I believe that QueryGSensor() just returns 0 if there is no gsensor, otherwise it returns some non-zero value. So, you can use the function to test whether you need to handle gsensor events, and how to handle the orientation at the start and end of the application.

GetOrientation/SetOrientation deal with the orientation in the InkView library. The orientation values are: 0 portrait, 1 landscape, 2 landscape 270, 3 portrait 180, -1 auto (gsensor). You probably don't need these functions for koreader unless you are querying libinkview functions for display settings (e.g. ScreenHeight() and ScreenWidth()).

gsensor events are of type EVT_ORIENTATION, and the first parameter provided with them is the new orientation (0-3 as described above). The idea is that you rotate what you are displaying to the given orientation each time such an event is signaled in your inkview main handler function. You would also call SetOrientation() then if necessary.
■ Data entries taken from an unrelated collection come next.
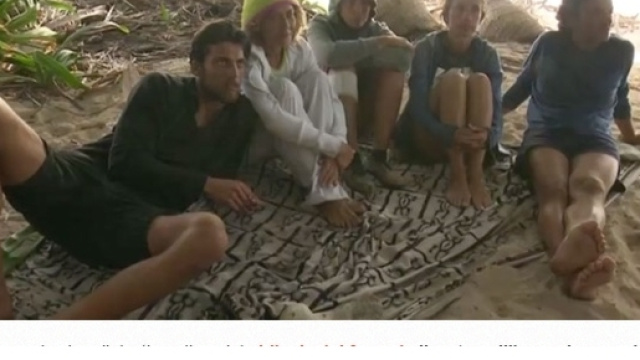 I naufraghi dell'Isola dei Famosi.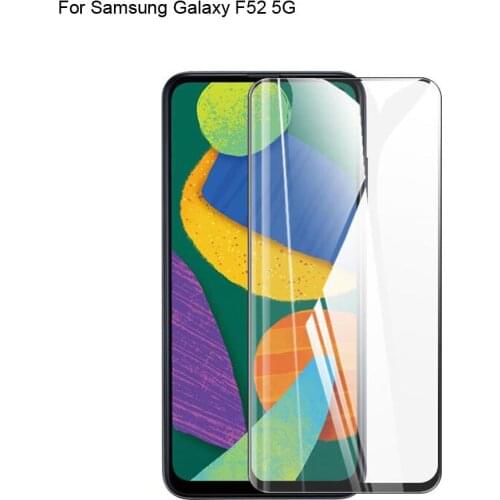 5PCS For Samsung Galaxy F52 Glass Tempered Full Cover Tempered Glass Film Screen Protector Film For Galaxy F 52 Protection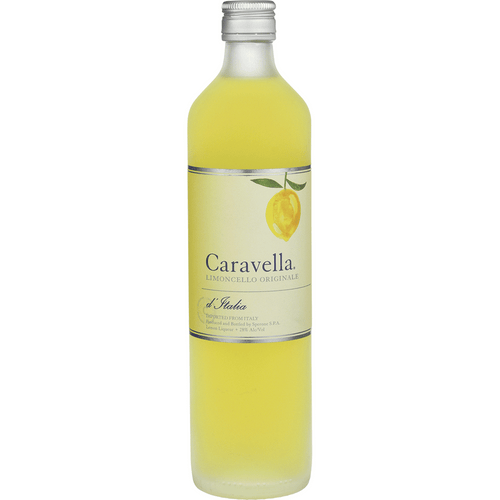 Caravella Limoncello 375ML Front Bottle Label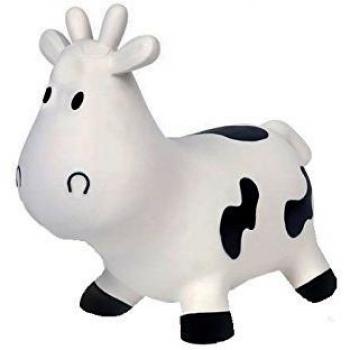 Salta-Cow - Hüpftier para interiores y exteriores - A partir de 3 años - Peso máximo 50 kg - Negro y Blanco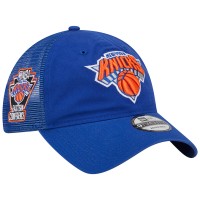 Бейсболка New York Knicks New Era Distinct Side Patch Trucker 9TWENTY - Blue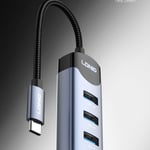 LDNIO DS-144C 4-Port USB 3.0 USB Hub Gray thumbnail 6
Older devices let you configure a global orientation in the system settings. Nice apps would honour that setting (retrieved via GetGlobalOrientation()). If the global orientation is set to -1, then you would track the gsensor, otherwise you ignore it. I don't see this system configuration option on my newish Colour ereader, so this probably isn't needed anymore. It looks like the more recent InkView API has new gsensor specific functions (SetGSensorEnabled(), IsGSensorEnabled(), GetGSensorOrientation()), but these are not available in older versions of the library. If you are not tracking InkView events, then maybe you can use GetGSensorOrientation() on newer devices to poll what the new orientation should be rather than mess with the mysterious ReadGSensor(). Or maybe do some testing to see if you can figure out how the ReadGSensor() readings correlate to the orientation values, and then just use that function on old and new devices.